The researchers will also use TESS data to look for anomalies in the light curves of stars. Light curves are graphs of a star’s brightness over time, and recent observations using the Kepler space telescope suggested that oddities in these graphs might have been caused by orbiting megastructures built by advanced civilizations. (Related: Alien theories understandable after mysterious signals, say scientists.)

“The discovery by the Kepler spacecraft of Boyajian’s Star, an object with wild and apparently random variations in its lightcurve, sparked great excitement and a range of possible explanations, of which megastructures were just one,” said Andrew Siemion, the lead researcher of the Breakthrough Listen team and an astrophysicist at the University of California, Berkeley.

Siemion added that while dust particles in orbit around Boyajian’s Star could be responsible for the dimming, studies of light-curve anomalies will refine future observations and cast a wider net in the search for technosignatures.

NASA funds SETI study

In June 2020, NASA awarded a grant to a SETI study that will scan exoplanets for technosignatures. The researchers involved said that they will initially focus on the technosignatures made by solar panels and air pollution.

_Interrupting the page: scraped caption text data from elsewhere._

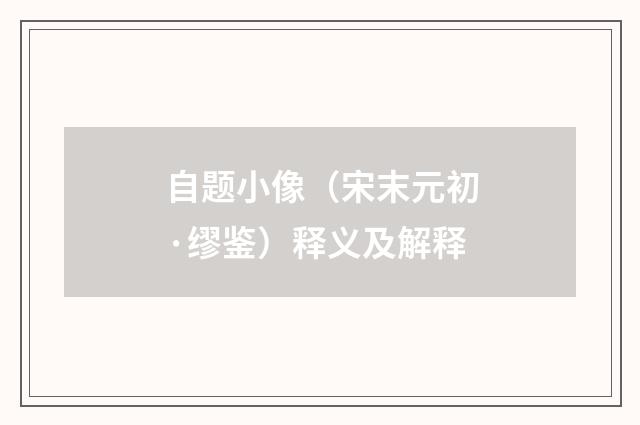 自题小像（宋末元初·缪鉴）释义及解释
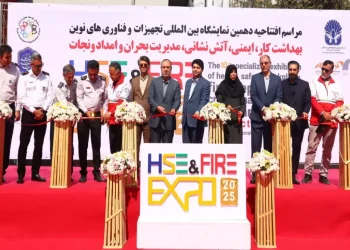دهمین نمایشگاه بین المللی تجهیزات و فناوری‌های نوین بهداشت کار، ایمنی، آتش‌نشانی افتتاح شد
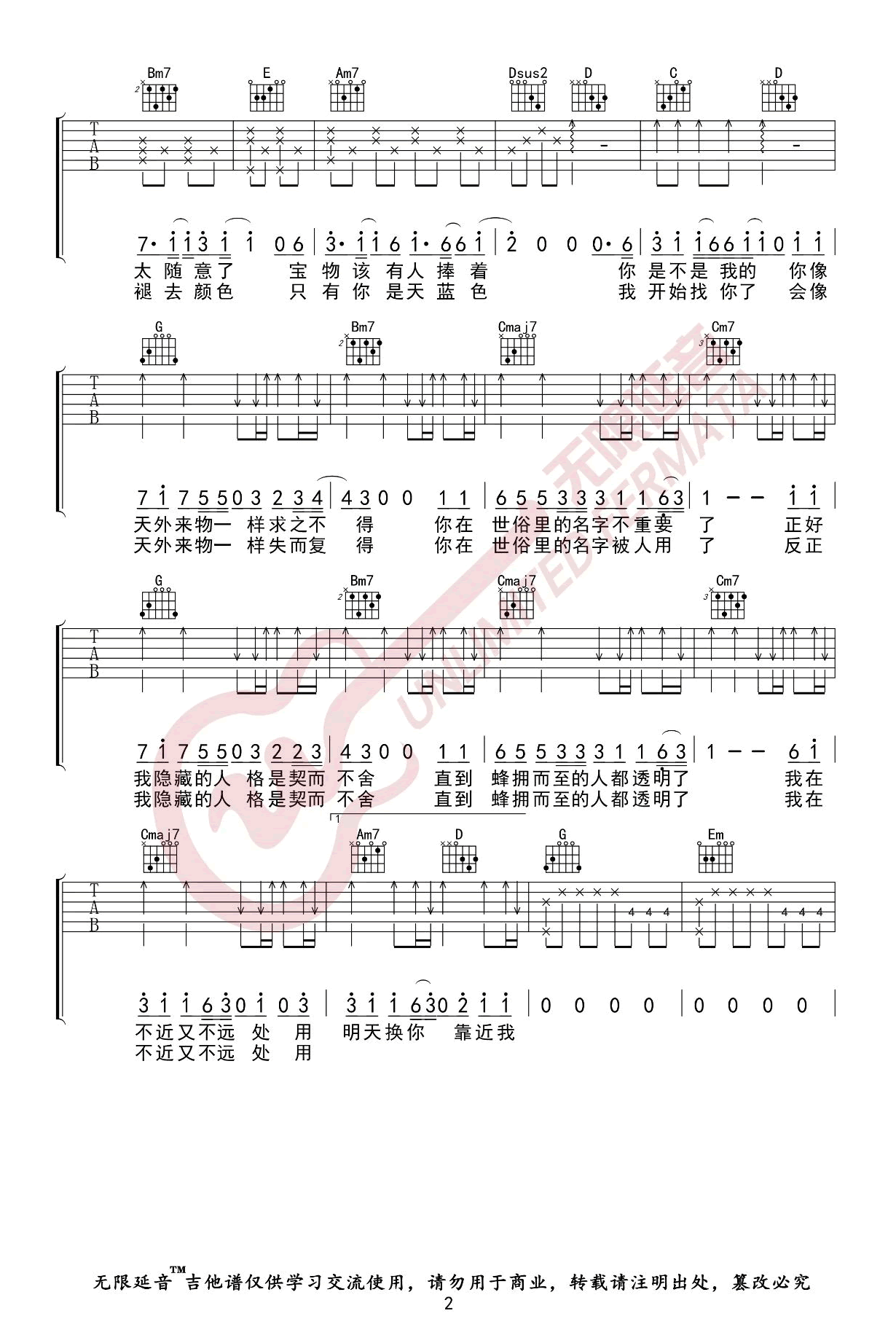 天外来物吉他谱2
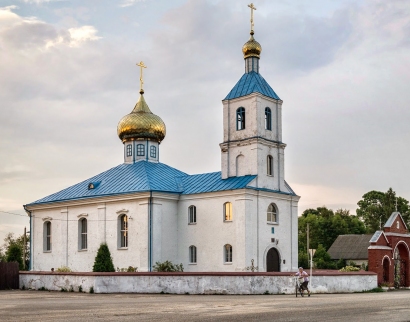 Церковь Рождества Пресвятой Богородицы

Solar panels are designed to absorb certain wavelengths of light. This could create a specific spectral signature that can be detected using current space telescopes, according to the researchers. Meanwhile, the team will look for signatures of artificial gases like chlorofluorocarbons, which were once commonly used as refrigerants and aerosols until they were discovered to be destroying the ozone layer.

The researchers noted that they will only characterize what these technosignatures would actually look like in data. But their findings will be uploaded into an online library that can be used by astrophysicists to identify exoplanets that may be of interest for follow-up studies.

“Our job is to say, ‘this wavelength band is where you might see certain types of pollutants, this wavelength band is where you would see sunlight reflected off solar panels’,” said co-researcher Adam Frank of the University of Rochester in New York.